The key issue is the correlation between a country's death count and the people's evaluation of the government response.

Bivariate correlation is typically shown on a scatter plot. The following chart sets out the scatter plots in a small multiples format with each panel displaying a region of the world.

Redo_economistcovidpolling_scatter

The death tolls in the Asian countries are low relative to the other regions, and yet the people's ratings vary widely. In particular, the Japanese people are pretty hard on their government.

In Europe, the people of Greece, Netherlands and Germany think highly of their government responses, which have suppressed deaths. The French, Spaniards and Italians are understandably unhappy. The British appears to be the most forgiving of their government, despite suffering a higher death toll than France, Spain or Italy. This speaks well of their PR operation.
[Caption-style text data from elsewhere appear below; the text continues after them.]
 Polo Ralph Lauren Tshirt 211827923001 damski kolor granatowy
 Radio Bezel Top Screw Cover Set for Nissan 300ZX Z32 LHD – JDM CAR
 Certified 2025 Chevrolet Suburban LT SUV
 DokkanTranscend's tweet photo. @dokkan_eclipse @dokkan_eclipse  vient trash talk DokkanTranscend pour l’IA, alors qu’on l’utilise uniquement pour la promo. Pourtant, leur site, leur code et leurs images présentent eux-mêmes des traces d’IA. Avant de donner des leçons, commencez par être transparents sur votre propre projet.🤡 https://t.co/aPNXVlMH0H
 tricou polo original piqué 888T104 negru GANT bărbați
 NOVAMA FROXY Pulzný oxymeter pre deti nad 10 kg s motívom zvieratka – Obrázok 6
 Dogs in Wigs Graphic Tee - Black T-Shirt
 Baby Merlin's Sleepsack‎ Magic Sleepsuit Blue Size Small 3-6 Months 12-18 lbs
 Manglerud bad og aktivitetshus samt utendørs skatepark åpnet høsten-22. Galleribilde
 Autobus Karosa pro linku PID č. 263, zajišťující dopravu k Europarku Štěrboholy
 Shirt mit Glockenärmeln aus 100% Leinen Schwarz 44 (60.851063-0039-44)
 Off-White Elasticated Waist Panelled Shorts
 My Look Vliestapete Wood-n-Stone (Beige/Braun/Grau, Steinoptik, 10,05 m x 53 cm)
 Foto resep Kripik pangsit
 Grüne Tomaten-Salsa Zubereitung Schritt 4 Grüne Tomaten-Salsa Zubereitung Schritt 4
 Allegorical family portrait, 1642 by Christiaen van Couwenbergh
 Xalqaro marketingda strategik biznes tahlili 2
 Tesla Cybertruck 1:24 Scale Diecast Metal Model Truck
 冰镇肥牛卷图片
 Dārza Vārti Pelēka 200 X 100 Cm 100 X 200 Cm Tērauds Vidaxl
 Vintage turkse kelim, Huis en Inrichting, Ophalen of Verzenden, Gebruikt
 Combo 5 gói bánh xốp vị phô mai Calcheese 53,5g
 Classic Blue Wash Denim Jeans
Cumulative deaths should be adjusted by population size for a proper comparison across nations. When the same graphic is produced using deaths per million (shown on the right below), the general story is preserved while the pattern is clarified:

Redo_economistcovidpolling_deathspermillion_2

The right chart shows deaths per million while the left chart shows total deaths.

***

In the original Economist chart, what catches our attention first is the bubble size. Eventually, we notice the horizontal positioning of these bubbles. But the star of this chart ought to be the new survey data. I swapped those variables and obtained the following graphic:

Redo_economistcovidpolling_swappedvar

Instead of using bubble size, I switched to using color to illustrate the deaths-per-million metric. If ratings of the pandemic response correlate tightly with deaths per million, then we expect the color of these dots to evolve from blue on the left side to red on the right side.

The peculiar loss of correlation in the U.K. stands out. Their PR firm deserves a bonus!